Monday, November 14, 2011
To Read or Not to Read
This is a letter following a request to see the rest of my novel after the first 48 pages had gone unread for some time. I would think my caution in sending larger bits of it is self explanatory.
At some point every author living in a world of defective support networks has to deal with people offering to read their work and failing to do so. Not that these are malicious doings, but rather like the nature of most folks who aim to read a book.
I would have to say that eighty percent of the books I own are presently unread. It is part of the human condition to want to read the collections of our great works of literature. So many of us want rather than do, and, for the most part, the thorny weeds of our lives snag us away from such things.
Life is full of barbs I guess. They are unavoidable, and we should be mindful of those who are as afflicted with them as ourselves.
15 October 2011
Here we go with chapter five of my novel. A standards stamp can carry as much as six pages. With one letter and double sided sheets that’s about ten pages of text. Two stamps will carry sixteen pages or one letter and about thirty pages of text. That would dictate that the whole novel could be sent in about twelve envelopes.

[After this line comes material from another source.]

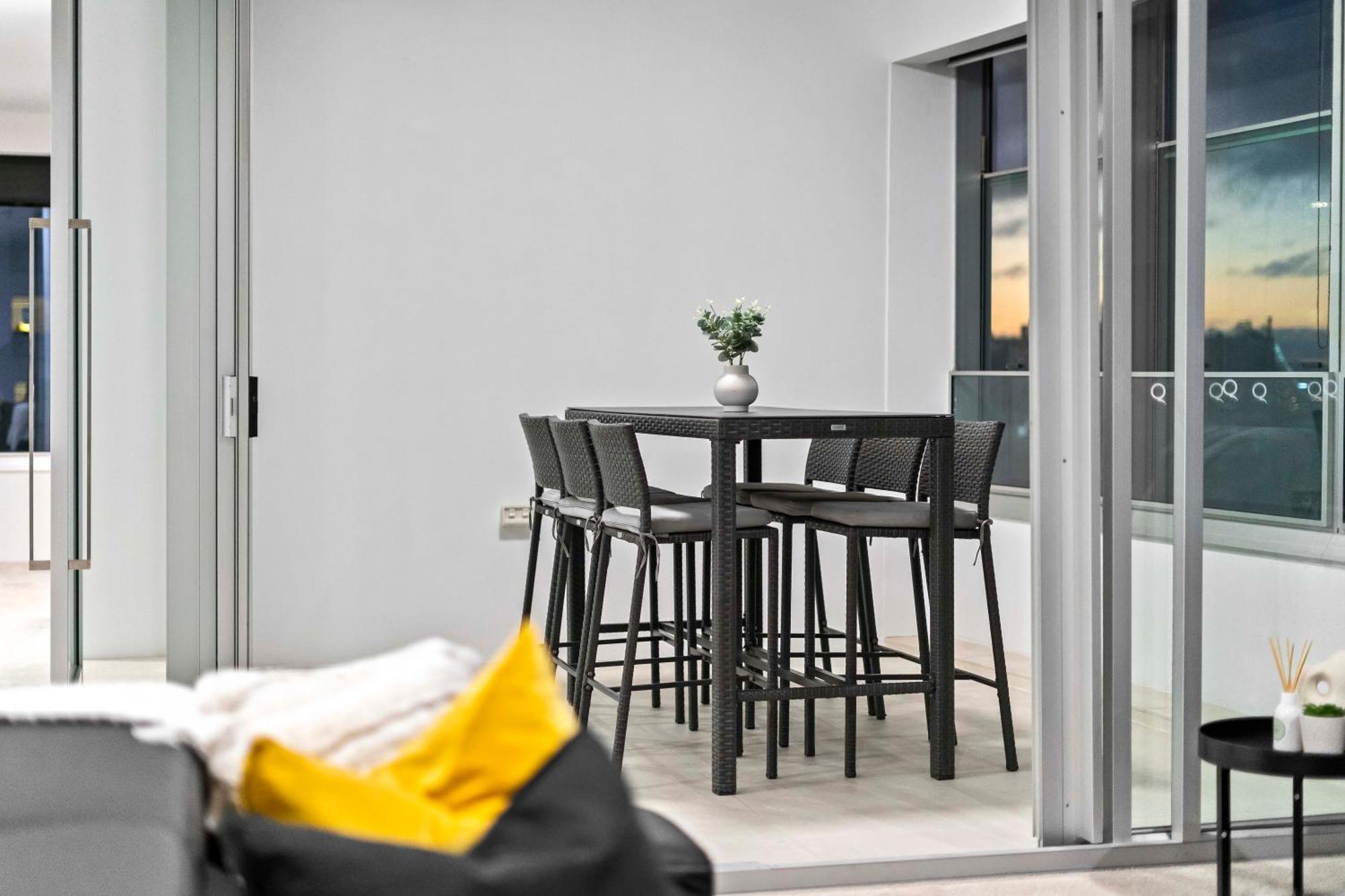 Q Tower At Surfers Paradise - Self Contained Apartments Gold Coast Exterior foto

I still only intend to send the next chapter if you read this one. I know how easy it is to forget about a novel. I’ve read half way through lots of them myself. In any case I’m still editing and such, so sending along something I know I’m going to change is simply counterproductive.
Another point to make is that if you have any gut reactions to this you should just say them. Kind words are nice, but getting published is the goal. If it makes you sad, causes you to put the pages away for a spell, or makes you hate the character I need to know.
I can tell you that there is no better way to stick it to your ex-husband than to get this book into print. If there is one thing he always fought with me about it was story ideas, and the reason was that he couldn’t deal with the possibility of my success.
Sometimes, ‘I’m going to stick it to that sack of crap’ is what gets me through the hard parts.